A faithful transcription is wanted of the lines from the top of the material through the line that holds "99 Foxbar Rd, #501", both ends included, leaving out the pictures.

==*==

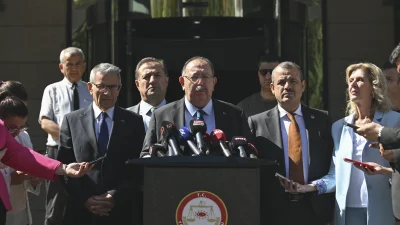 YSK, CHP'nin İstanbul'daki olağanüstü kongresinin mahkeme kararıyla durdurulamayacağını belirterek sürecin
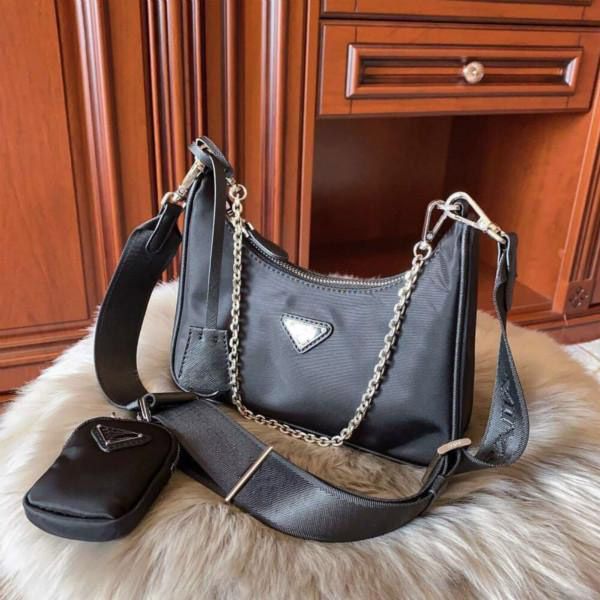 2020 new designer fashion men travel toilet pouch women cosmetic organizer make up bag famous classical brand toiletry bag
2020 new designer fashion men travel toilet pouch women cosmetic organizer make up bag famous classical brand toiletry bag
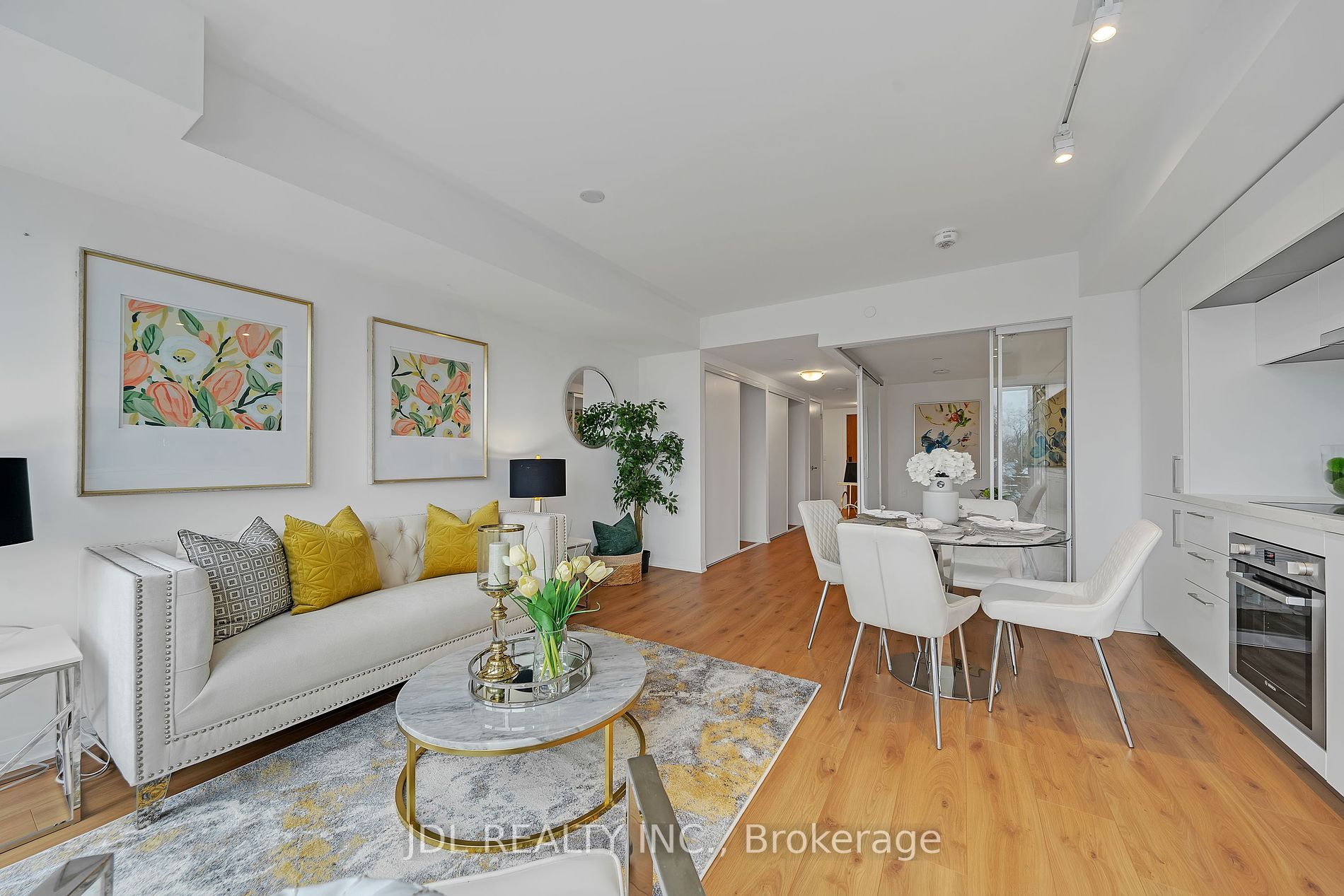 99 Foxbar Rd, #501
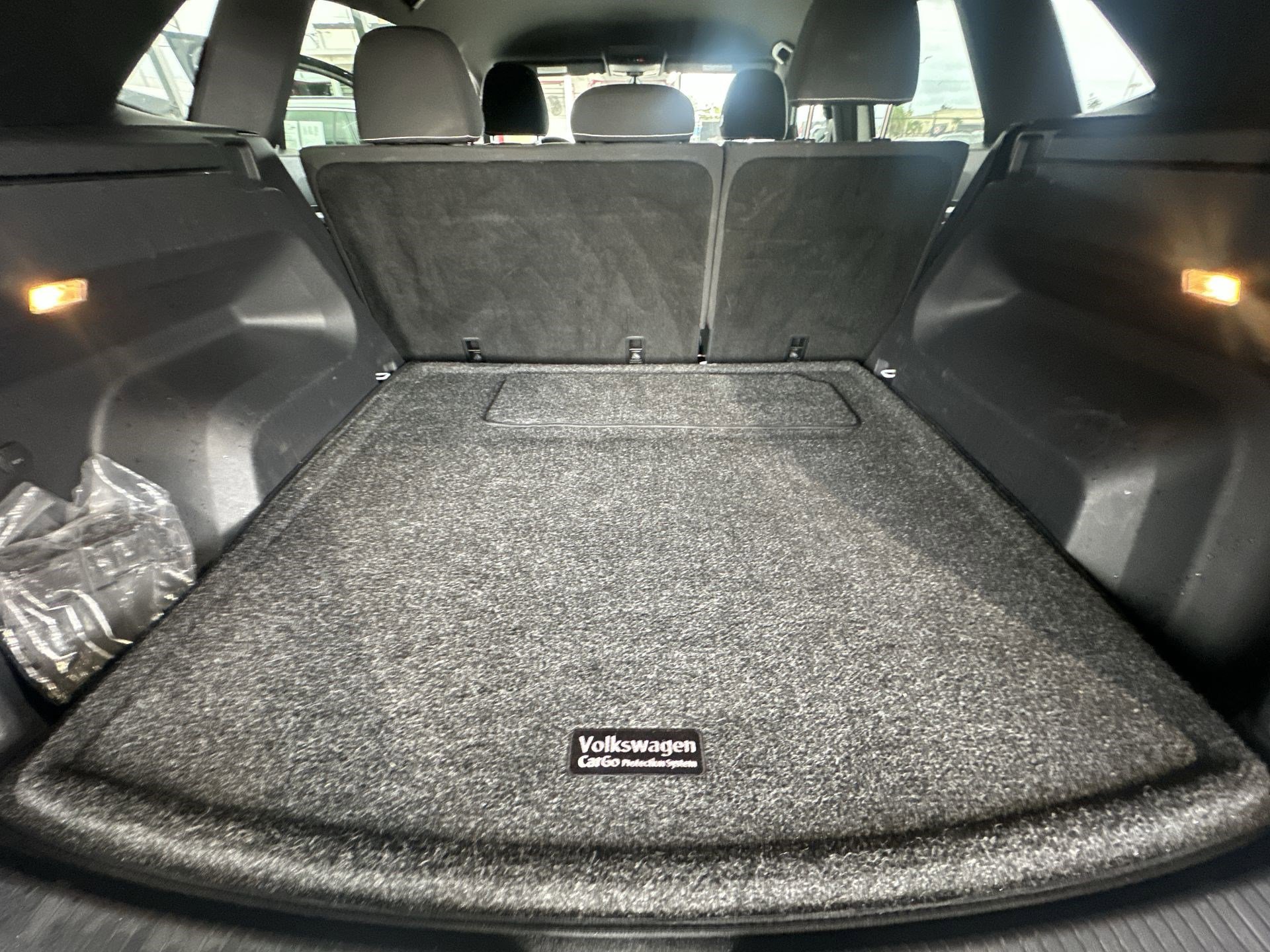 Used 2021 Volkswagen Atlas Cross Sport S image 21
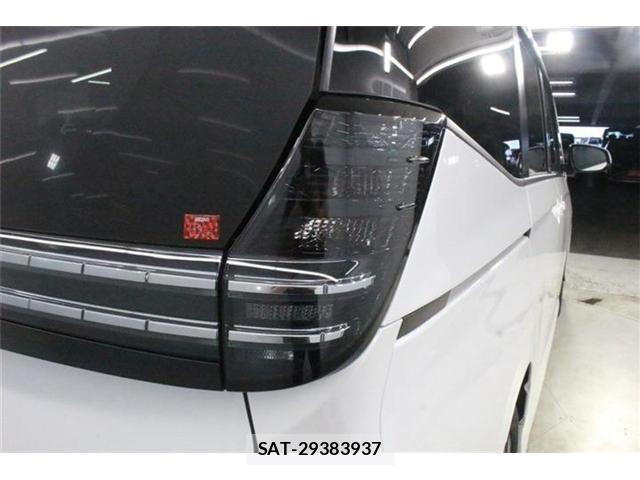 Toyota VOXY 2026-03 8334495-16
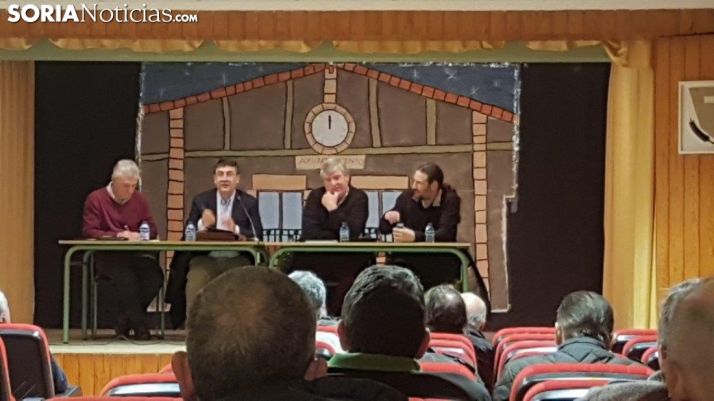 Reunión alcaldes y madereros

==*==

RESPONSE ▸
 YSK, CHP'nin İstanbul'daki olağanüstü kongresinin mahkeme kararıyla durdurulamayacağını belirterek sürecin
 2020 new designer fashion men travel toilet pouch women cosmetic organizer make up bag famous classical brand toiletry bag
2020 new designer fashion men travel toilet pouch women cosmetic organizer make up bag famous classical brand toiletry bag
 99 Foxbar Rd, #501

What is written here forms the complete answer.